君漠霆决绝般般,再度望了眼身着大红嫁衣的上官毓琳,转身在香熄灭之前,身轻如燕般掠到另一边。抽出腰间的软剑,将绑在君奕俊身上的粗大麻绳砍断。
“父王——!”早已被吓坏的君奕俊在行动自由后,扑进君漠霆怀中。
弯身抱着儿子,君漠霆痛不欲生地闭上双眸,脸颊紧贴于君奕俊的头顶。一滴男儿泪从眼角溢出,缓缓滑落至唇角,苦涩的咸味在口中漾开。
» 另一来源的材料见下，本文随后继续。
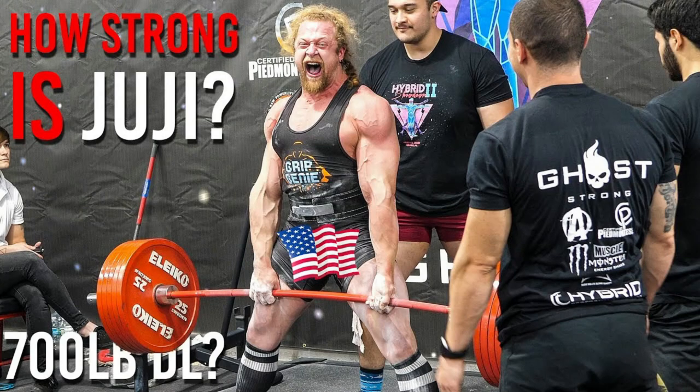Number three, the sumo deadlift. Unless you're a powerlifter trying to lift as much weight as possible, the only thing the sumo deadlift is actually good for is making you better at the sumo deadlift. If you're trying to grow your glutes, adductors, or quads, there are tons of better options with more range of motion and less potential risk for injury given the amount of load you can use with that exercise.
“放箭!”君非睿嗜血地望着父子相拥的两人,残忍地对着潜伏在城楼上的弓箭手下令。
“不——!”君奕俊双眼突地瞪大,惊恐地望着对面的上官毓琳。
不——!不要!母妃死了,父王怎么办?他怎么办?
君奕俊不断地在挣所着,然而身子去被君漠霆死死地抱着,怎么也挣脱不了。
“父王,救娘亲!快去救娘亲!娘亲就是母妃呀!娘亲和母妃根本就是同一个人来的,你为什么不去救母妃……为什么……”
如遭雷击,君漠霆猛地睁开双眼,双手紧抓着他的双肩,“你说什么?”
“娘亲的大姐亲口跟我说的,娘亲就是母妃!”君奕俊泪流满面,抽咽不断。
“不——!”君漠霆瞳孔咻地放大,猛地抬头看向对面被的上官毓琳。
老天,他到底做了什么?将至爱的人推到地府,一次又一次。为什么?他连自己最爱的女人都保护不了?不管是哪一个身体,亦或是哪一个她。他都保护不了她!
“哈哈——!哈——!”看着他心痛万分,目露恨意的君漠霆,君非睿忍不住仰天长笑。
看着密密麻麻,快如光速的箭雨,上官毓琳第一次嗅到死亡的滋味。看来,这一次真要去和大姐二姐相聚了。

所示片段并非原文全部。